━━━━━ EXCERPTED DATA ━━━━━

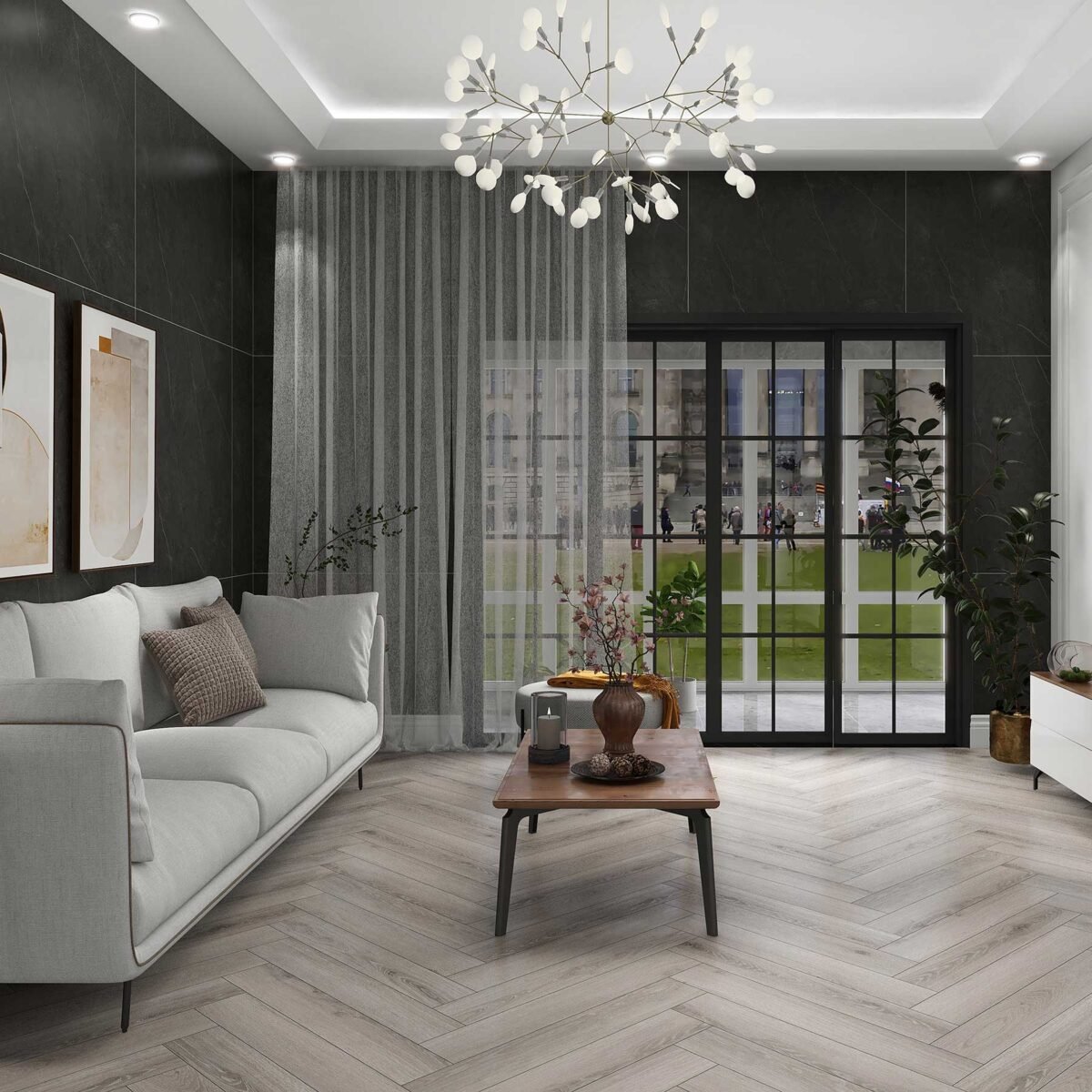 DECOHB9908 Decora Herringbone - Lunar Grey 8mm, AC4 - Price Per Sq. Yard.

━━━━━
━━━━━ EXCERPTED DATA ━━━━━

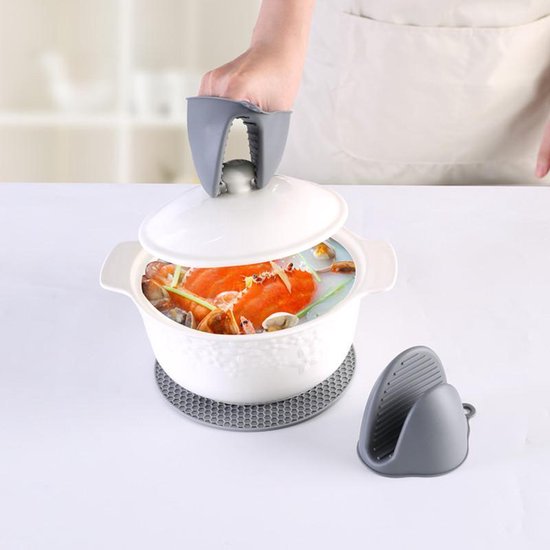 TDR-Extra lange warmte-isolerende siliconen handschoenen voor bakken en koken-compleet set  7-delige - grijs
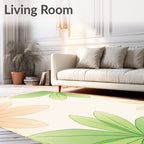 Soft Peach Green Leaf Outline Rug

━━━━━
━━━━━ EXCERPTED DATA ━━━━━

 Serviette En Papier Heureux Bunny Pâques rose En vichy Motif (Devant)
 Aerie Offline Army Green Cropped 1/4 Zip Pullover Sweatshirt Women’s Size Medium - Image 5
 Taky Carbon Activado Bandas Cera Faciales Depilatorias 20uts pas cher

━━━━━

After locating the line with "Aerie Offline Army" in the material above, return it and each line after it exactly, ending at the line with "Taky Carbon Activado".

 Aerie Offline Army Green Cropped 1/4 Zip Pullover Sweatshirt Women’s Size Medium - Image 5
 Taky Carbon Activado Bandas Cera Faciales Depilatorias 20uts pas cher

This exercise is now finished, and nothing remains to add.